Why Chocolate on Valentine’s Day?

Whilst Valentine’s Day has a long history stretching back many centuries, the symbolism of gifting chocolate is a much more recent development. Is it simply good marketing from the chocolate manufactures or is it because chocolate really does have aphrodisiac qualities?

Chocolate for Valentine’s Day: a heart-shaped history

Chocolate for Valentine’s DayIn the medieval period Valentine’s Day became known as a day to celebrate romance. The first mention of this is in the writings of Chaucer in 1382, with writings about illicit but chaste courtly love. Around this time the stories of knights giving roses to fair maidens, and singling songs to celebrate their beauty from afar became more commonplace.

By the 1840s, much of the world had accepted Valentine’s day as a celebration of love. Around this time, Richard Cadbury from the chocolate manufacturing dynasty, was working in the sales department of the firm. Cadbury had recently found a technique to make drinking chocolate more palatable than most Britons had ever tasted. The new process left a lot of cocoa butter, which Cadbury used to broaden their range of eating chocolate.

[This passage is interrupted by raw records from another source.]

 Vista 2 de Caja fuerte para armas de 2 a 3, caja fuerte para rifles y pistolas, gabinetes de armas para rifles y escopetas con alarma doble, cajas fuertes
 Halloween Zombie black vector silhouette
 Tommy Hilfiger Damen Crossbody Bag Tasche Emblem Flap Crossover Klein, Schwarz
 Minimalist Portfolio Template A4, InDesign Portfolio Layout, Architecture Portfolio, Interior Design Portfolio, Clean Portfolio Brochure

To push sales, Richard designed some decoration for boxes for these new chocolates and in 1861 the company began selling chocolates in heart-shaped boxes.

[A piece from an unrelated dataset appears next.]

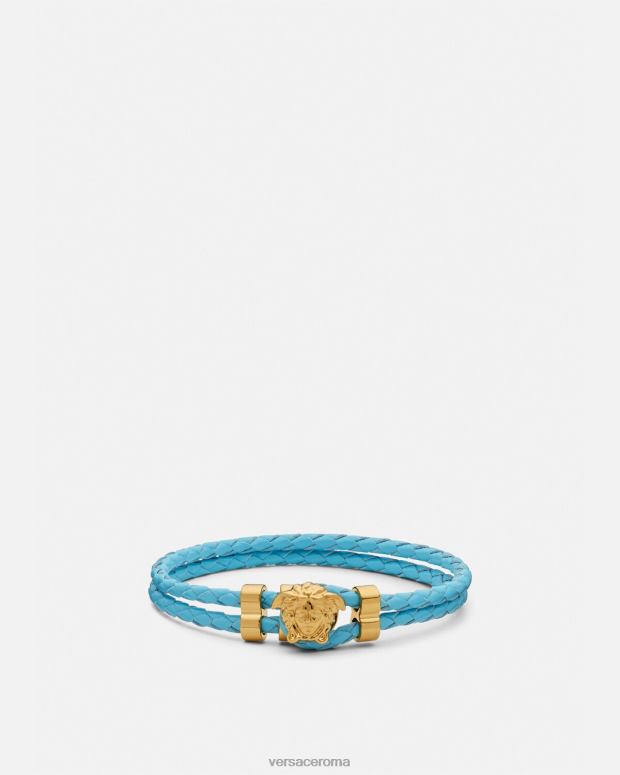 esso Versace donne bracciale in pelle intrecciata con medusa azzurro JT08Z739 Accessori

Keeping the Valentine’s Day chocolate tradition alive

Couples are expected to spend almost GBP 1 billion on Valentine’s Day in 2018, with about GBP 50 million to be spent on chocolate. The estimated average adult spend on Valentine’s Day is estimated to be around GBP43, with men spending more than women.

The Aztec’s considered chocolate to be “food of the gods” and that perception remains in modern society. Chocolate was usually in liquid form and cacao beans were prized, luxury items among the Mayan and Aztec elite, with beans as valuable a commodity as gold. Always considered a luxury and an indulgence, chocolate has been used for centuries as a gift of appreciation. Now more accessible, chocolate has become more associated with romantic gestures with more than 90 per cent of Britons hoping to receive chocolate on Valentine’s day.

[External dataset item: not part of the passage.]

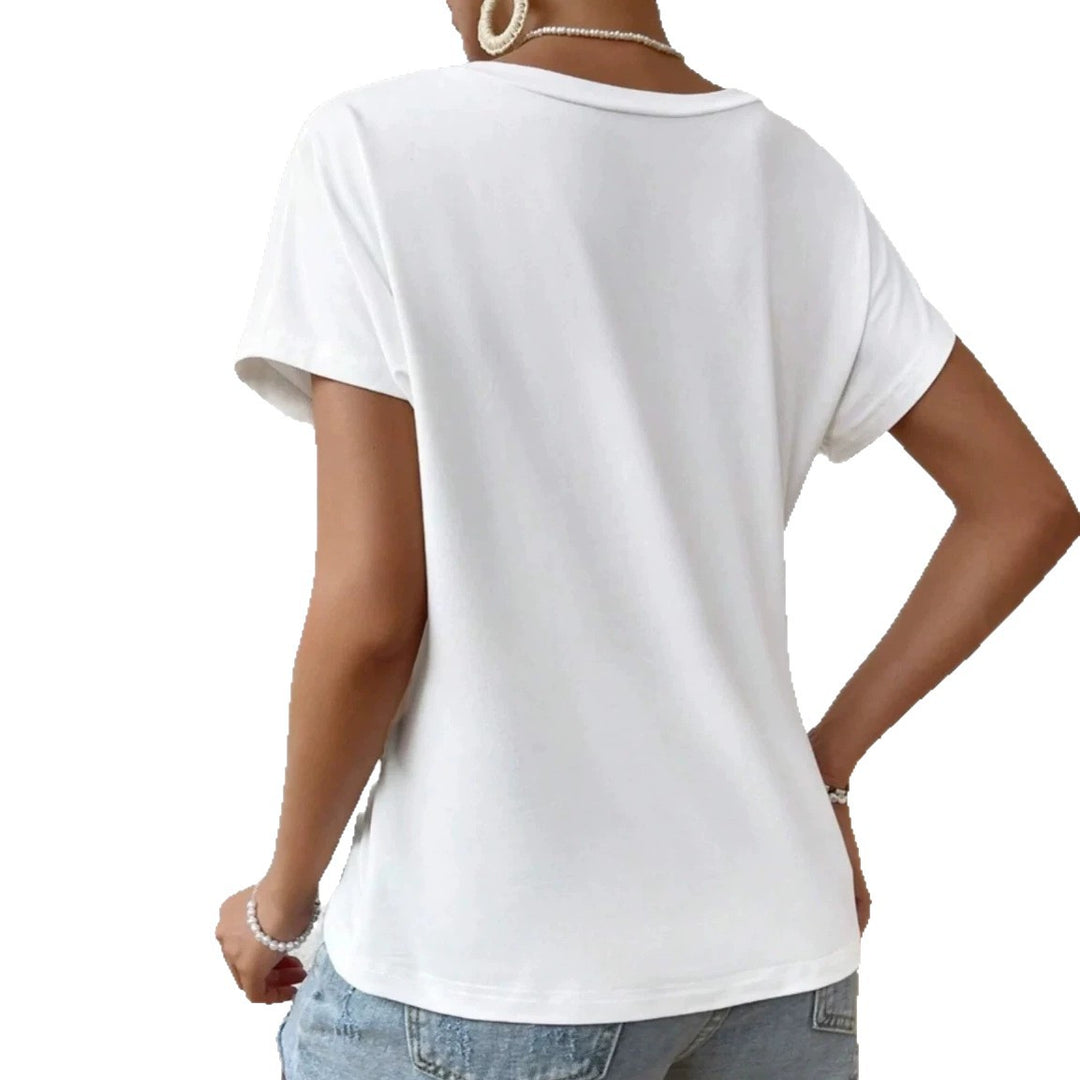 Damen nan asymmetrisches Knotenshirt mit seitlicher Drehung und verlängertem Zipfelsaum R&B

Celebrating Valentine’s Day with a box of chocolates

valentines day chocolate box giftChocolate first became popular in Europe in the 1600s. Chocolate houses began to rival coffee houses as social meeting points in London, even suggesting that the hot drink could both prevent or cure a myriad of diseases.

In France in 1770, after Marie Antoinette had married Louis XVI, she brought her personal chocolate maker to Versailles, who created recipes that mixed chocolate with orchid bulb, orange blossom or sweet almond milk with the aim of healing a range of physical ailments. It took until the mid nineteenth century before chocolate was firmly connected to Valentine’s day.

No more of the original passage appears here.